Inflation Rates and Housing

Readers Question: However I was intrigued by something I read on the internet regarding Conservative plans to include housing costs in the Bank of England’s inflation target.

  • Mortgage interest payments are included in the RPI measure of inflation.
  • However, the official measure of inflation is currently the CPI. The CPI excludes mortgage interest payments.
  • It is important which measure is used. At the moment, RPI is negative. Using the RPI measure we have deflation of 1.6%
  • However, the CPI still shows a positive figure. CPI is currently 1.8%.

Current Inflation Rates

So that is a big difference. If for example benefits pensions were index linked to RPI, we could see falling nominal value of benefits rather than modest increases.
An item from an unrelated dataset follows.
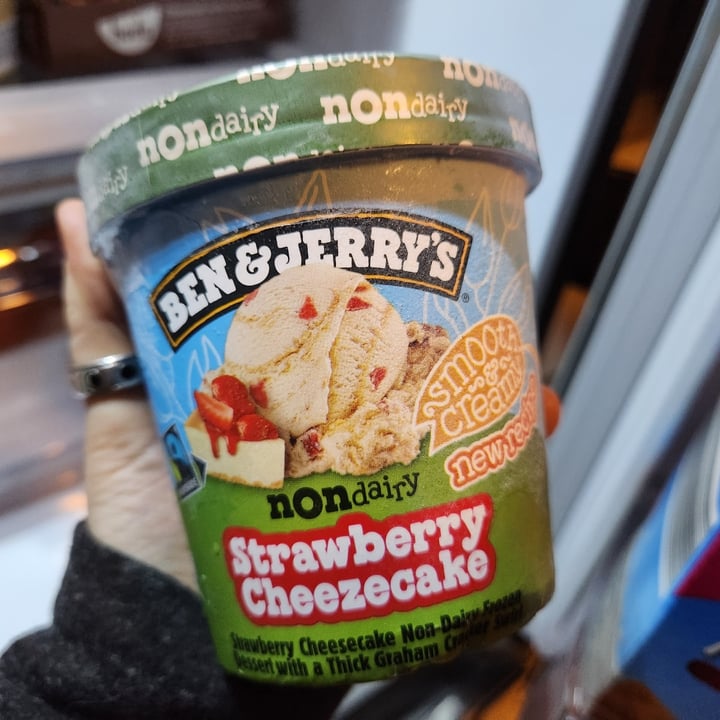 photo of Ben & Jerry's Non Dairy Strawberry Cheezecake shared by @theveganwitch13 on  06 Mar 2024 - review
I feel that RPI is more volatile – especially when interest rates are changing rapidly. The main reason RPI is negative and CPI is positive is the sharp fall in interest rates in recent months. This means mortgage payments have fallen so RPI inflation has fallen. However, although we have negative RPI, the underlying inflation rate still shows some positive price rises.

I think that even if the Conservatives made the RPI the official measure, the Bank of England would still be looking at CPI when deciding monetary policy.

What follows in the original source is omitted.